Hace un mes, España estaba sumida en una de las peores crisis políticas de los últimos tiempos: la declaración ilegal de independencia de Cataluña. Ese día la constitución y la rebeldía se disputaron el poder. Ese día ocurrieron todas las cosas posibles en un estado de derecho. Ese día se celebraron los dos plenos más importantes que se pudieran celebrar en simultáneo en este país: el Parlamento Catalán y el Senado debatían el futuro inmediato de España. Ese día se cruzó la delgada línea que separa la democracia como poder del pueblo, de la democracia como respeto a las normas de convivencia.
Aquel 27 de octubre -¡hace a penas un mes!- fue al mismo tiempo el principio y el fin de la Cataluña independiente por la que mal lucharon los rebeldes que gobernaban esa Comunidad Autónoma. Carles Puigdemont y los suyos declaraban la independencia, al mismo tiempo que el Gobierno central les cortaba las alas a su proyecto ilegal. ¿Es ilegal desear ser independientes? No. Pero es ilegal pretender serlo quebrantando las leyes y la Constitución. Ese fue su pecado. Y mentirle al pueblo, por supuesto, aunque algunos crean que eso es lo habitual en los políticos.
La manera en la que el Gobierno español puso freno a la euforia independentista fue aplicando el artículo 155 de la Constitución, lo cual derivó en la destitución de los gobernantes catalanes y la convocatoria a elecciones autonómicas el próximo 21 de diciembre. Y la aplicación del mencionado artículo ha sido más discreta de lo esperado: No hubo traslado de los ministros a Cataluña, ni tampoco resistencia de los funcionarios catalanes. Como diría el expresidente venezolano Eleazar López Contreras, ha sido todo con mucha «Calma y cordura».
Pero durante estos 30 días, mucha agua ha corrido: Se declaró la independencia, se cesó al gobierno catalán y el Ejecutivo asumió sus funciones, se convocó elecciones, Puigdemont se escapó a Bélgica (y allí sigue), se juzgó y llevó a prisión a los rebeldes (algunos pagaron su fianza y salieron en libertad condicional, otros no tenían ese «privilegio» y siguen presos), hubo una huelga general en Cataluña que pasó un poco desapercibida, la policía local también fue intervenida sin mayores aspavientos, ante la incertidumbre política y económica cientos de empresas mudaron su sede fuera de Cataluña, se pronunció la Unión Europea en favor de España y su tan vilipendiada «unidad»… y ahora, simplemente, Cataluña está en campaña.

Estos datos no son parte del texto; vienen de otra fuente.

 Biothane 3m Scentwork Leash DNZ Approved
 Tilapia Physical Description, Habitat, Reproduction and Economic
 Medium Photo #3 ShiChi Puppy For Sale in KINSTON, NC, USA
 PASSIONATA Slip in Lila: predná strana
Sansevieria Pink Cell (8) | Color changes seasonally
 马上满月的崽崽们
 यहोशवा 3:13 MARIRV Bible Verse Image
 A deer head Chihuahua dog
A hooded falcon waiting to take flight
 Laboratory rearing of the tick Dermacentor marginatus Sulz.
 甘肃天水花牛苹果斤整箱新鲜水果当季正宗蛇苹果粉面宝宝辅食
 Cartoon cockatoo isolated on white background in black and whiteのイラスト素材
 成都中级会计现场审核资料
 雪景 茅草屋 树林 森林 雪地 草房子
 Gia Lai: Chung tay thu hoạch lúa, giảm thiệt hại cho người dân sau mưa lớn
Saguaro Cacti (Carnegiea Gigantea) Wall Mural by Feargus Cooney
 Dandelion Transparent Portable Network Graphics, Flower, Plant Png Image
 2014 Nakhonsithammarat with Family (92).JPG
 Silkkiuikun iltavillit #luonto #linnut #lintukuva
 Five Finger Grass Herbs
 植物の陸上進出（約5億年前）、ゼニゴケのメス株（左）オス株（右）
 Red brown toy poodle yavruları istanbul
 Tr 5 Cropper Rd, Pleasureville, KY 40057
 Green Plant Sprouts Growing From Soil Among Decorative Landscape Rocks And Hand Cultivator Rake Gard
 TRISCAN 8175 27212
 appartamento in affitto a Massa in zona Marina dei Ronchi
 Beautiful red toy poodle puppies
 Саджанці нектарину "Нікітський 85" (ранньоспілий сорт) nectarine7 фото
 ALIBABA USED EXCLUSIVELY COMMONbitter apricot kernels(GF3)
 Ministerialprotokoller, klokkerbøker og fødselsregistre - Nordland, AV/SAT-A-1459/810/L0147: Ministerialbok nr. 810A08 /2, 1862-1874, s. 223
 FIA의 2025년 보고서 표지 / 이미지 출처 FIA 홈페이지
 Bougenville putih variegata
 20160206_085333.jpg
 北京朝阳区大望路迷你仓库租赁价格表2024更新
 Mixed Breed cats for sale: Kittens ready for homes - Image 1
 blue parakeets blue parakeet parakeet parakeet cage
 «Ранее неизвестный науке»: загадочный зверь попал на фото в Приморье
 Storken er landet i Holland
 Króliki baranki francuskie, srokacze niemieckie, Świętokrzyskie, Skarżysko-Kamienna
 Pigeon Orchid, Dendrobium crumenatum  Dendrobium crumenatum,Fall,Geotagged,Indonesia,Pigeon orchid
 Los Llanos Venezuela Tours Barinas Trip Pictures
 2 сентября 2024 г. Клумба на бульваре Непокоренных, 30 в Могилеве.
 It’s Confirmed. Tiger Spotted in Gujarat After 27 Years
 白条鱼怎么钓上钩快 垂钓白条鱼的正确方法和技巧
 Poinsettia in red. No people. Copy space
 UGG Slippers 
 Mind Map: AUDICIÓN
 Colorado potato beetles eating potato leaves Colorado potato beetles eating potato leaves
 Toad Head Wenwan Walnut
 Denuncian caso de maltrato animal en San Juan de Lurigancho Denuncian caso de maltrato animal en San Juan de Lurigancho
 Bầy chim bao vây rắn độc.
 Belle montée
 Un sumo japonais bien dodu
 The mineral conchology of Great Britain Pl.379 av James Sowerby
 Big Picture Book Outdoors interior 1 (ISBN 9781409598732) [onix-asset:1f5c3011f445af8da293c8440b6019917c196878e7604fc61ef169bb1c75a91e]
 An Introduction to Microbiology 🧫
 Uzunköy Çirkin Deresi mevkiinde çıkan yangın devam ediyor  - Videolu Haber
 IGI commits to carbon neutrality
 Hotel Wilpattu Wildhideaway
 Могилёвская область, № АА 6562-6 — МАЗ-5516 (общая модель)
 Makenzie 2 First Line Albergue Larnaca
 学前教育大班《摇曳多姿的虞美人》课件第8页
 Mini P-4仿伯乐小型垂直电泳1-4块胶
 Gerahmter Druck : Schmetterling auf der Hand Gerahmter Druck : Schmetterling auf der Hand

Un mes después, el Gobierno de Mariano Rajoy resume lo ocurrido como la vuelta a la serenidad y la normalidad, dejando a un lado la incertidumbre que vivió todo el país por aquellos días que parecen tan lejanos, en los que se tomó una decisión inédita en el país. Rajoy destaca la contribución de los funcionarios de las instituciones catalanas a que eso haya sido posible.
Ahora todo está en manos de los partidos constitucionalistas que hacen vida política en Cataluña y que el próximo 21D se medirán en unas elecciones marcadas por la sombra del secesionismo, pues de ellos depende que no vuelvan a gobernar Cataluña quienes pretenden un plan distinto para España y para el conjunto de los españoles. Aunque si esto llegara a ocurrir, ya ha recordado Rajoy que «el 155 sigue estando ahí». Sin embargo, en el Gobierno están convencidos de que no será necesario, bien porque los partidos constitucionalistas sumen la mayoría necesaria el 21D para acceder a la Presidencia de la Generalitat o porque, si lo hace un dirigente soberanista, cree que no repetirá los mismos errores.
El primer balance oficial del periodo transcurrido desde que se aprobaron las medidas derivadas del 155 lo hará la vicepresidenta del Gobierno, Soraya Sáenz de Santamaría, el próximo 4 de diciembre, en su comparecencia ante la comisión del Senado encargada de tramitar el aval parlamentario que necesitaba el Ejecutivo para sus medidas.
Todavía queda mucho por ver pero, aparentemente, todo vuelve a la normalidad en España. Y en Cataluña.